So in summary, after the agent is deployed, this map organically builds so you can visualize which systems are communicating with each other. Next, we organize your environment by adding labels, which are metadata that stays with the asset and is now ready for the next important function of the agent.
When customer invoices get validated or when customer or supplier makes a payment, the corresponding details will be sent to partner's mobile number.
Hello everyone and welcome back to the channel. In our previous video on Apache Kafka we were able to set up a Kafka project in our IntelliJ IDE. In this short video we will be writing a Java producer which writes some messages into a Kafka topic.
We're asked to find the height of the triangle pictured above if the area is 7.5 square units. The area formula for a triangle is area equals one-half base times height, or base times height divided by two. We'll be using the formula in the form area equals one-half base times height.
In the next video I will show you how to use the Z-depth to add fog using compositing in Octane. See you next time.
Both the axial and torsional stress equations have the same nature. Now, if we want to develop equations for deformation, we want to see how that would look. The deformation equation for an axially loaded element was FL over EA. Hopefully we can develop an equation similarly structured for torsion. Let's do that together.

==

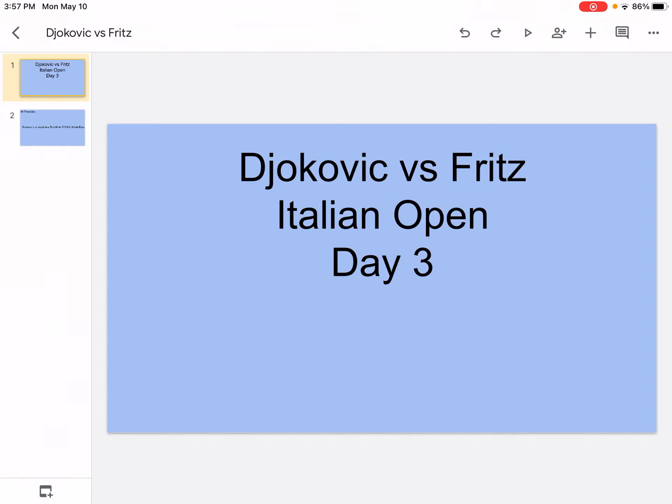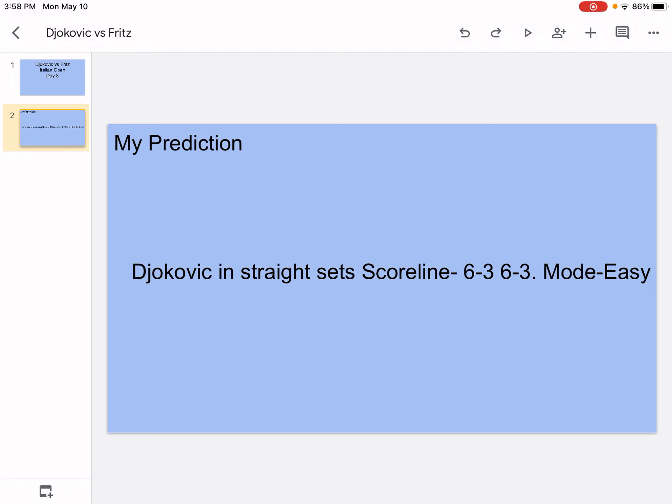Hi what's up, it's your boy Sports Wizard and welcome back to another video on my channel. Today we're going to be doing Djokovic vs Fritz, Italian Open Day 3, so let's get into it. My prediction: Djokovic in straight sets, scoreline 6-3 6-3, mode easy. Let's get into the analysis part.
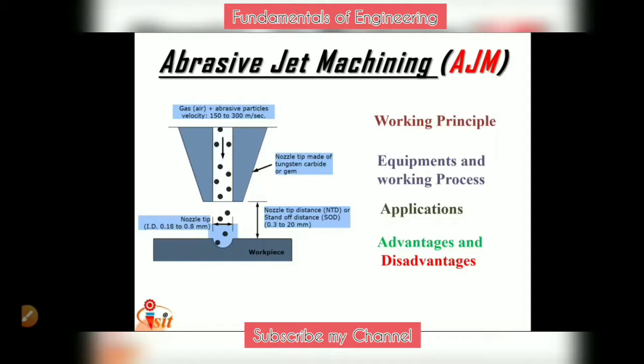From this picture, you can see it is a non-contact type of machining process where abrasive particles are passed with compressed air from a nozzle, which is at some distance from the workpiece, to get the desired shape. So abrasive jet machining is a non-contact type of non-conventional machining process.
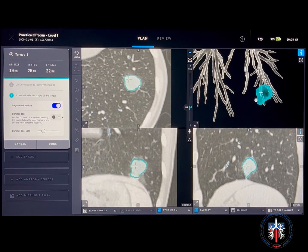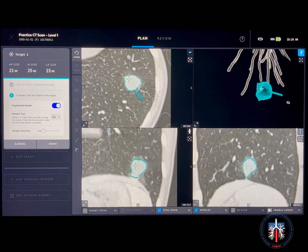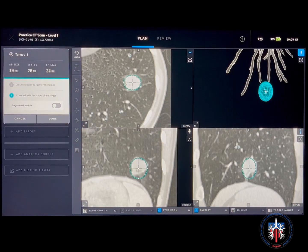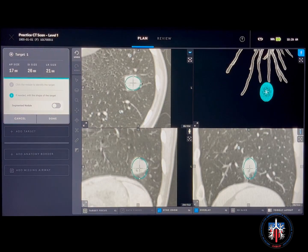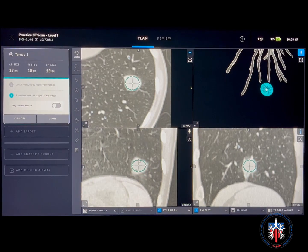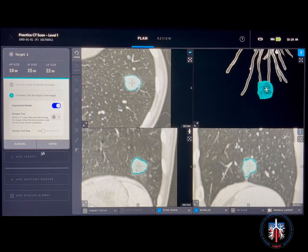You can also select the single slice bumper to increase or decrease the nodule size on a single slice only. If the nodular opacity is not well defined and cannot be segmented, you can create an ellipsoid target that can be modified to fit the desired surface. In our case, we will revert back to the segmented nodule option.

▶ [Assigned task] Everything above from the line with "So in summary, after" to the line with "When customer invoices", both included, must be repeated exactly, and nothing outside that range.

▶ [The completed task]
So in summary, after the agent is deployed, this map organically builds so you can visualize which systems are communicating with each other. Next, we organize your environment by adding labels, which are metadata that stays with the asset and is now ready for the next important function of the agent.
When customer invoices get validated or when customer or supplier makes a payment, the corresponding details will be sent to partner's mobile number.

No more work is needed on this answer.